# White Bean Soup/Cassoulet



## Andy (Aug 25, 2002)

I combined some classic recipes to make it easier and use the ingrediants I had available. Turned out well!

As you can tell this is a "rough" recipe so you can change the ingrediants and amounts! This was for two people and lasted two meals.

2 cans white beans
1 can Tomatoes – diced
1 can Chicken Soup
Celery - 2 stocks or more diced
Onion - 2 slices or more diced
Bacon – about 4 slices cut into 1 inch pieces 
Sausage – crumbled (about 1/2 a pound)
Thyme
Rosemary
Garlic - real or powder
Salt/Pepper

Cook the sausage in a Dutch oven, add the onion and celery.
Then pour in the beans, chicken soup and tomatoes.
Put the sliced bacon in (uncooked) and add the spices.
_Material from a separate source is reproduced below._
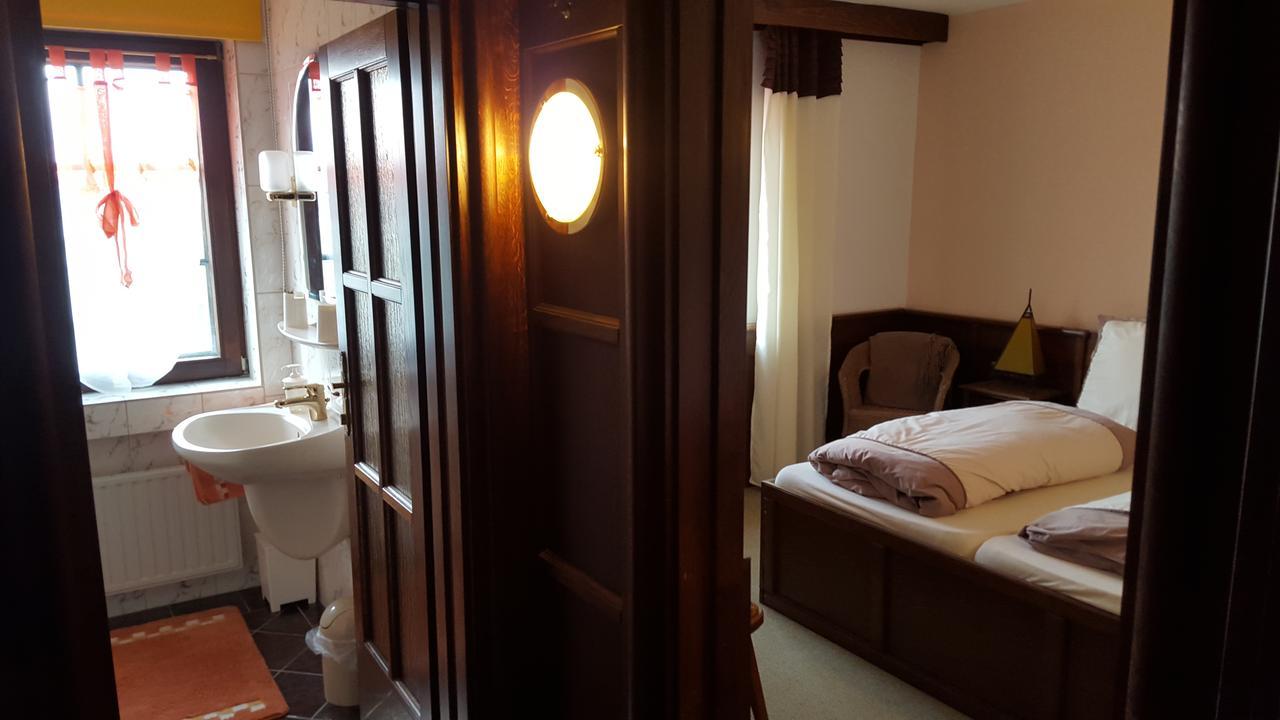 Landhotel Zum Doppeldecker Kirchen  Exteriör bild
Cook until boiling on top of the range and then put in a preheated oven at 350 F

Bake at least an hour. Reheats well.


----------



## eagle2250 (Mar 24, 2006)

Thank you Andy, it sounds very tasty. I now know what we will be having for dinner tomorrow evening. I will let you know how it turns out.


----------



## Oldsarge (Feb 20, 2011)

It would work but making such things from scratch (even going so far as to grow my own white beans and make my own duck confit) is one of my favorite pastimes. I think I'll do one the hard way.


----------



## eagle2250 (Mar 24, 2006)

My first attempt at a White Bean Soup/Cassoulet is in the oven, as I sit before the keyboard typing this post!


----------



## Oldsarge (Feb 20, 2011)

Well, I have the duck legs to make confit and there is an upscale market across the Willamette that sells a good imitation of Toulouse sausage. I've grown an extraordinary amount of white beans so I guess I'll just have to throw a party, open the wine cabinet and make up a casserole of cassoulet. Anyone want to come visit and help me eat it?


----------



## eagle2250 (Mar 24, 2006)

Last evenings White Bean Soup/Casoulet turned out to be a savory treat for the taste buds. It is a recipe that requires little effort and prep time, but yields a wonderful meal in return! Thank you for the recipe Andy.


----------



## Orsini (Apr 24, 2007)

Very nice recipe. I think I'll try it this weekend.


----------



## Vecchio Vespa (Dec 3, 2011)

Oh how I love cassoulet. I usually take the less complicated route of the Julia Child’s MTAOFC recipe. To me it is the perfect thing for a dinner party of about 8-10 on a cold and stormy winter night. 

I also make an Italian white bean dish that borders on soup. A bag of Navy beans cooked with minced onion, carrot, and celery. As the beans soften tump in a can of San Marzano tomatoes, minced garlic, some fresh spinach, a good bit of coarse black pepper, browned and sliced Italian sausage, and plenty of fennel seed (toasted and worked over lightly in a mortar and pestle).


----------



## eagle2250 (Mar 24, 2006)

^^"Sliced Italian sausage?" Sounds like a potentially great tweak of an already great recipe. I'm thinking slicing up some andouille sausage in the mix would also prove a tasty gastronomical path to follow. Though, I suspect this might be a tough sell to the grand kids?


----------



## Oldsarge (Feb 20, 2011)

Beans without sausage are like apple pie without cheese/ice cream. They're good but not optimal.


----------



## Vecchio Vespa (Dec 3, 2011)

eagle2250 said:


> ^^"Sliced Italian sausage?" Sounds like a potentially great tweak of an already great recipe. I'm thinking slicing up some andouille sausage in the mix would also prove a tasty gastronomical path to follow. Though, I suspect this might be a tough sell to the grand kids?


You could brown the andouille separately and let people add it as they wish. That way there's a good chance you get a lot of it! However, if they love, there's a good chance you don't get any.

Oh, another good tweak is a splash of white wine in the beans, but don't add the tomatoes or the wine until the beans are good and soft. Acid messes with the way they cook.


----------



## eagle2250 (Mar 24, 2006)

^^Great suggestion, TK167!


----------